There's always texting, the ubiquitous, guilt-free way to reach out and touch someone without ever making committed contact. The wireless version of casual sex. Neal can respond to it if he chooses, ignore it if alligators have dragged him down into the sewers of Manhattan. An easy out.

A blinking cursor stares back at him as his fingers hover over the keypad. It's too informal, too distant, like tossing out a tow line into a cold Atlantic fog. Clicking "send" doesn’t bridge the space between them, but deepens it into a cavern, makes the thousand miles that separate them feel twice as long. He can't text; what can he say in truncated netspeak that would ever be enough? And he sighs, bitterly, because Neal would have had the right words.

Andy's too stubborn to admit to himself he wants nothing short of hearing Neal's voice.

He's pacing like an idiot in his bedroom, willing the phone in his hands to ring, feeling like a fool or, even worse, some emotional, adolescent girl. Neal's never made him feel this way before, their friendship the definition of the word "chill," but then again, Neal's never not called him before, and they're breaking into uncharted territory here, territory Andy didn't think existed before Neal's last night in Tulsa.

Maybe they've changed everything. Maybe there's no going back, not if Neal moves back to Tulsa, not even if they somehow end up in the same city, playing together again, pouring out their hearts through music on the same stage. Their friendship before could have spanned the distance but maybe now, with this...maybe that's what Neal's afraid of.
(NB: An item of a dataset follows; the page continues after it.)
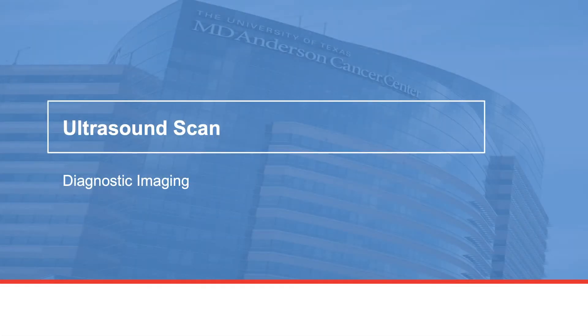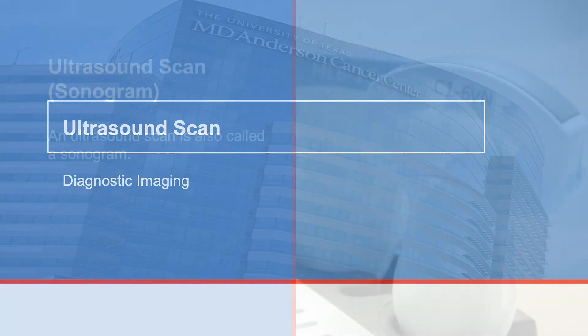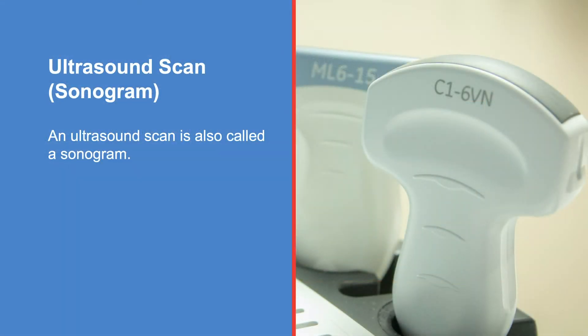Welcome to the Diagnostic Imaging Center. This is where you will receive an ultrasound scan, also called a sonogram. It is a diagnostic test that uses high-frequency sound waves to create an image of your internal organs and structures. The ultrasound scanner has a device called a transducer that sends out sound waves and receives the echoes as they bounce off structures within your body. The echoes create an electronic image that can be seen on a monitor. The images will help your doctor with making a diagnosis.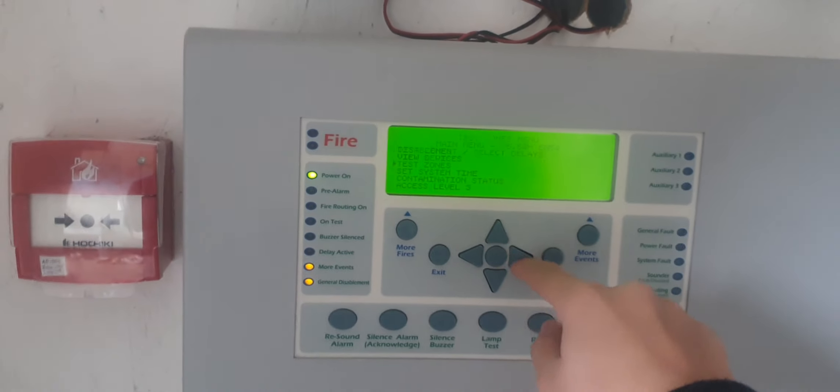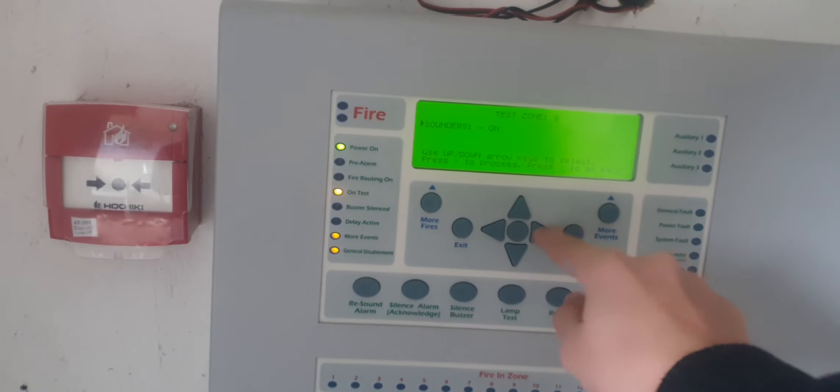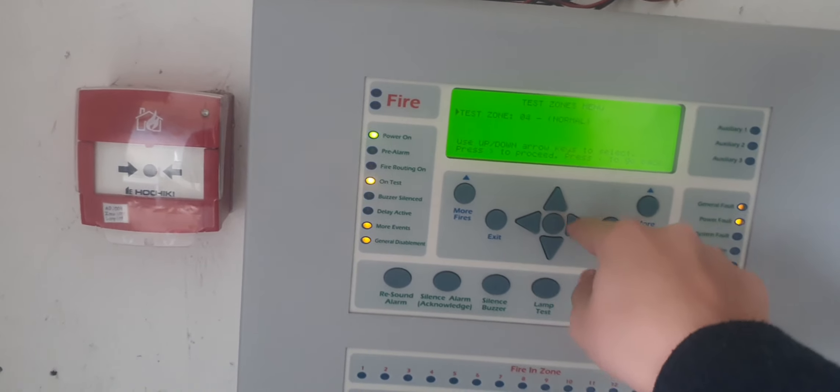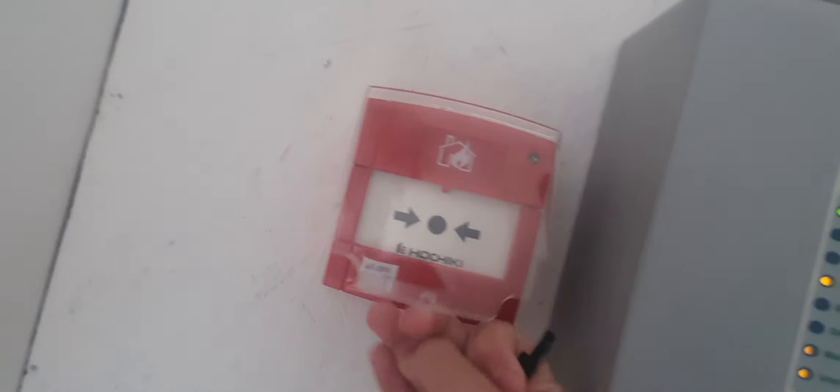Hey guys, I'm in a bit of a hurry right now, I need to leave, but we're gonna put this in test mode. Okay, so we're gonna test the fire alarm system — the whole thing — so this is system test three, and here we go.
The stars glittering out his window are too bright now, too large, and Andy can hardly take it any longer.

***

_David had already left for L.A. two weeks ago. Neal just about left for New York, with not even an extra pair of socks unpacked to stay another morning. And Andy...just felt left._

_He opened his mouth to break the comfortable silence that fell between them, hampered only by the softest sounds of Neal's fingers drumming absently on Andy’s shoulder. It was never uncommon or awkward for the pair to sit in silence, saying more with a sideways glance or the hint of a smile than could ever be spoken with breath and words. But Neal's silence wasn't enough for Andy, not this night, and he could barely see the expression in his blue eyes, the light from the stars their only guide._

_"Just don’t forget about...the band," he eked out feebly, too proud to ask that Neal not forget about him, too scared that Neal would pledge that promise and then break it. But one thing Neal would never relinquish was his music; he could burn the tread off his tires and leave Tulsa forever, but he could never turn his back so easily on the music they made, the creations they shared. Music was Neal's air to breathe as much as it was Andy's blood to spill._

_The hand at his shoulder tightened, forced Andy to look Neal in the eye. Neal stopped fucking around about the Boy Scouts and pretending this was like any other night. "How could I ever forget?" His brow knit, his voice sincere; Andy thought he had never heard such a lack of sarcasm coming from the other man. "The band is us."_

_They always came back to the songs of their youth; even after eight years Neal played like the chords were borne deep within him from birth, coded into his DNA. But those songs were seedlings, growing too large and spindly for their Midwestern town; they were a part of Neal, after all, and they too were all too anxious to get out of Tulsa. It wasn't that Andy didn't believe him; it was that he couldn't._

_When his eyes dropped to the drive shaft, not trusting himself to look Neal in the eye, Neal finally understood. "I’ll call," he promised, and Andy's head shot back up, defiant._

_"You fucking better," he challenged._

_The hint of a smirk on Neal's lips told Andy that whatever Neal was doing, it was working. Neal knew, he always knew, and he always would. Andy's mouth broadened into a smile, no longer so fretful, because no one could maneuver their way around his moods like Neal did. No one knew him in the same way as Neal._

_Andy reached out and poked Neal in the ribs as he ordered, "And text me, too."_

_Neal held up his free hand in a mock pledge, honest as the boy scout he never became. "I promise to stuff your phone full of pictures of random shit I find on the side of the road."_

_He was grinning by then, a weight lifting from his shoulders, though Neal's hand remained. "And e-mail," Andy reminded him._

_"I'll Facebook you."_

_"What, you gonna poke me?" Andy laughed, stealing away another jab of his finger into Neal's side. They could have gone on for hours like that, dismissing the beer in the trunk and the patient highway waiting for the morning. Andy wished he had the power to stretch the night out to last forever, if every joke he made, every remark that garnered a smile from Neal added another minute to the night, another second._

_He was about to warn Neal not to stalk him on Myspace when he found his breath cut off by Neal's lips against his._

_The hand at Andy's shoulder moved to the back of his neck, fingers threading into his hair. Andy's own hand reached out into a space that felt too far now, until he touched the worn cotton of Neal's shirt, tangling it into his fist. Neal tasted like cigarettes and the crisp lake air, the cool metal piercings in his lips stinging against Andy's like memories._

_When Andy responded to the kiss, parting his lips to let Neal inside, Neal gave out the breathiest of moans, almost a sigh, as if to say, "How could I ever forget?"_

***

He clenches his jaw, his lips a tight, thin line at the memory of them opening to Neal's touch. One part of his conscience tells him he's a fool to hold onto that phone, hoping in vain for that call; the other part reminds him he's an idiot if he doesn't.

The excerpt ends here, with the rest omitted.